The Maharaja’s Sawari Camp stamp
by Malcolm Campbell

The stamp known to us as the Maharaja’s Sawari Camp stamp has been reported as issued at Christmas 1898 or in January 1899 according to Major Dawson. We generally accept it was issued in January 1899.
I suggest it is unique amongst the hundreds of revenue stamps, court fee documents and fiscal stamps and all postage stamps of the Gurkha Sarkar (government) as not bearing a value! The Devanagari inscription reads on the top line ‘Gurkha’ and I suggest that the bottom line reads प्रधानI ‘Pradhana’ which has several meanings such as chief, main, leader or Prime Minister, (who was at time of issue, Shree Teen Maharaja Bir SJB Rana), rather than आधा अन्ना ‘ahda anna’ as in half anna. I was encouraged to pursue this observation when I saw in the late Prof. Armand E. Singer’s book of his collection, “Nepal 1772-1961 and beyond” published by George Alevizos 1997, that carries an image on page 124 of “The budget letter card” that was sold for half an anna (2 paisa) to which the Camp stamp was to be affixed and generally cancelled with a few pen strokes.

Singer stated that the half anna paid for the card not the stamp. In very small print on the front of that post card was “Court Share”, whatever that meant? I find it hard to believe that the hosting Maharaja of such lavish shikar or hunting expeditions and tours of inspection for the Royalty and political leaders of Europe and the subcontinent’s nobility and British Raj would have charged his illustrious guests a paltry 2 paisa to use his free mail service within the kingdom.

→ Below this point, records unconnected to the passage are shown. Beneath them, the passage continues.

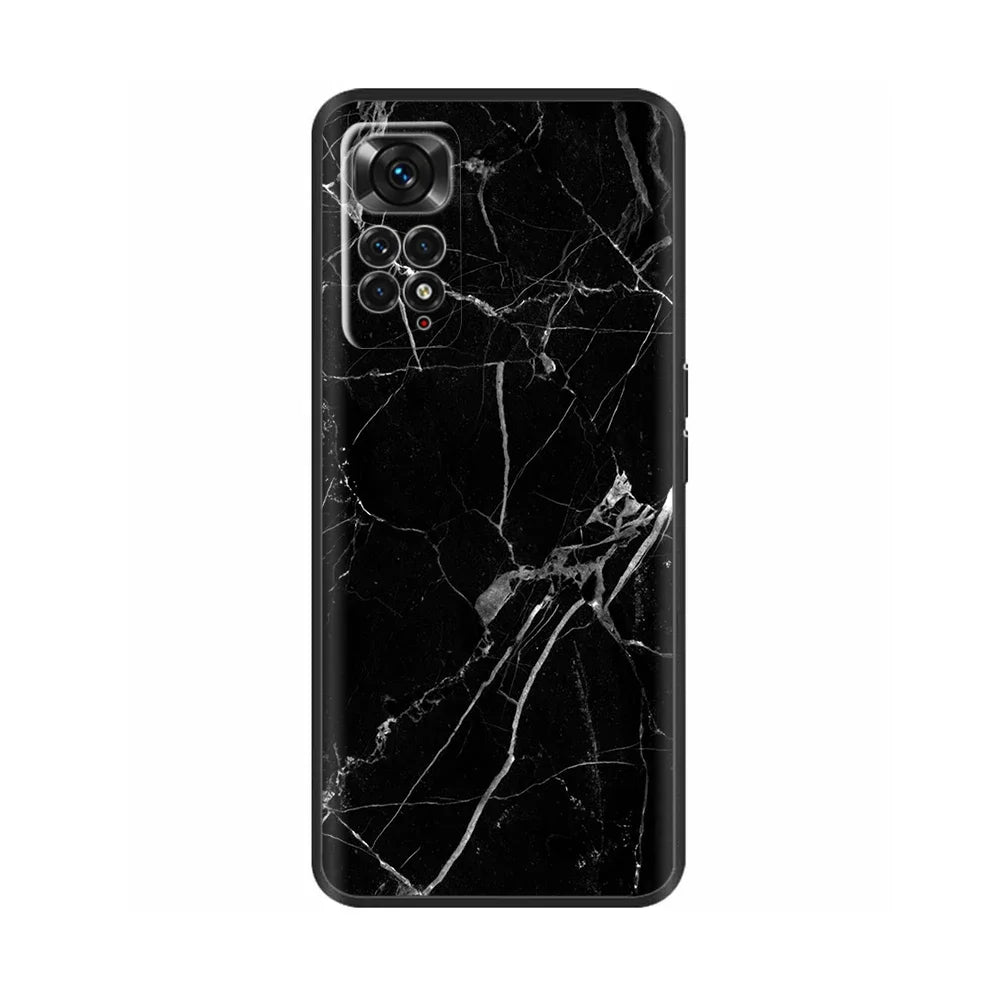 For Xiaomi Redmi Note 11 Pro Case Soft TPU Silicone Phone Back Cover Para For Xiaomi Redmi Note 11s Note11 Note 11Pro 11 s Cases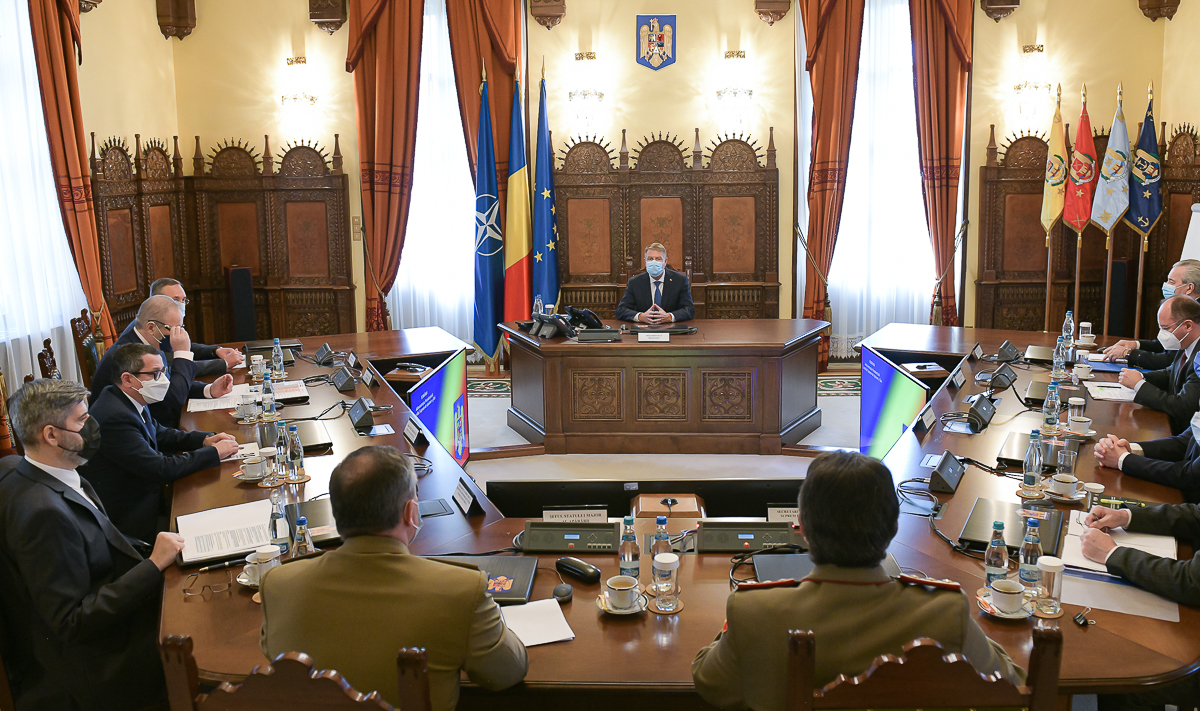 Klaus Iohannis a vorbit despre posibilitatea ca Rusia să atace România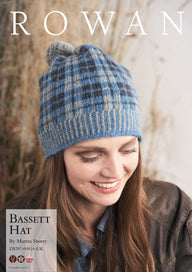 Rowan Bassett Hat Knitting Pattern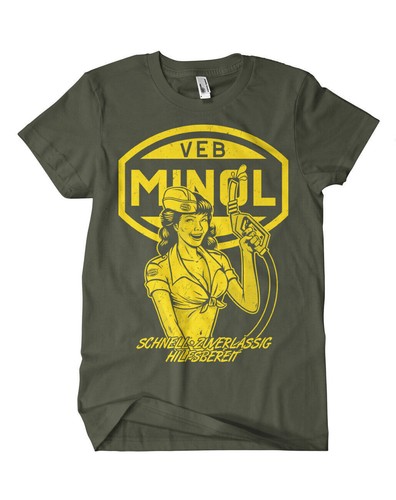 Minol pin shirt cult - minol, t-shirt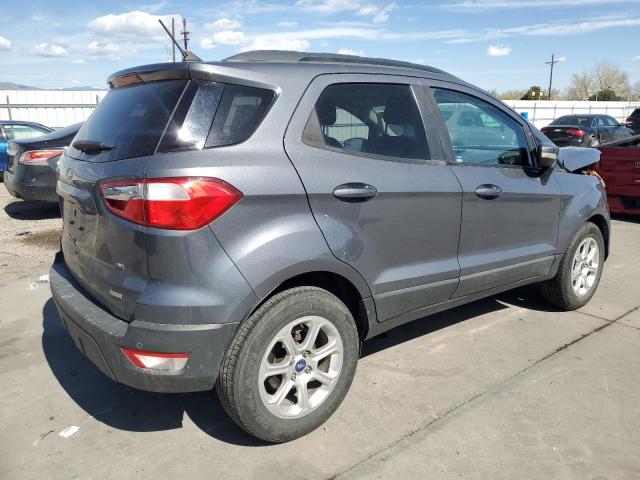 MAJ3P1TE1JC243635 - 2018 FORD ECOSPORT SE ნაცრისფერი ფოტო 3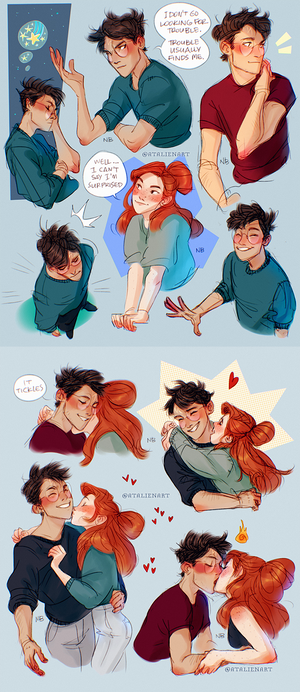 Harry/Ginny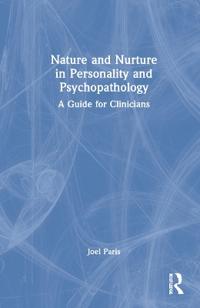 Bokomslag för "Nature and Nurture in Personality and Psychopathology"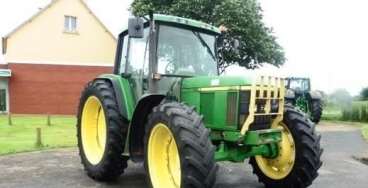 Trator deere 6110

The postcard could not be used beyond the Kingdom of the Gurkhas at the time of issue, so it was mainly used to and from the capital in the Kathmandu valley, known as Nepal then. Covers exist to at least the 1912 Sawari Camp. Later mail use from the Terai hunting camps was mainly via the Indian Embassy with special cancellations in English generally on covers bearing British India postage. There are used single stamps of the first issues of this stamp posted from Kathmandu cancelled with a Kathmandu type III in use 1899-1904 as Hellrigl & Hepper describe in “The native postmarks of Nepal” 1978 and described as a D68b cancellation in use during the same period in Dr Ramesh Shrestha’s “The postal history of Nepal”2009. I suggest that maybe these stamps were indeed supplied free to guests at the Maharaja’s shooting camps between 1899 and 1912, as I haven’t seen any used later than that and that they were given to entitled individuals to gain access to the Prime Minister’s free mail access, while they were his guests in Nepal. This would account for why these cancelled stamps all appear as singles, even those used in Kathmandu, when there was no postage rate of half an anna for a letter.

The elements of the stamp design features a coin issued by Raja Chakra Vartendra Malla (who was Newari) of Kathmandu 1668 AD and ruled for just one day. That was surely to put the Newars of the Valley in their place, as the Ranas had outlawed the speaking of Newari and many cultural aspects of the Newars in Kathmandu. Mookala? (Newari for “is that not so?”) The elements of the design depict the three methods by which the Ranas retained power: the Banastra (bow & arrow), the Pas (noose) over emblems of the Khukris (crossed weapons). This iconography was particularly appealing to the visiting native princes of India, but the significance was probably lost on the visiting British Raj.

Over to our members to critique my proposal as to the original use of this stamp and maybe this issue of 1899 was a concession franking stamp for honoured guests to use rather than a postage stamp or a revenue stamp? Of course, it was later decreed that supplies in storage in 1917 would have a value of half an anna each to facilitate their use as payment for telegrams and phone messages until 1930 when postage stamps were used, but my proposition here relates to the issue and its use from 1899 until about 1912.


  1. Sawari Camp followers December 1911 in the Terai, King George V and his Raj followers with PM Chandra SJB Rana and Nepalese hosts. Image by Capt. Medusa no copyright.
  1. Several cancelled stamps of the 1899 issue in pin-perf and imperf types bearing the Kathmandu type III cancellation of 1899-1904.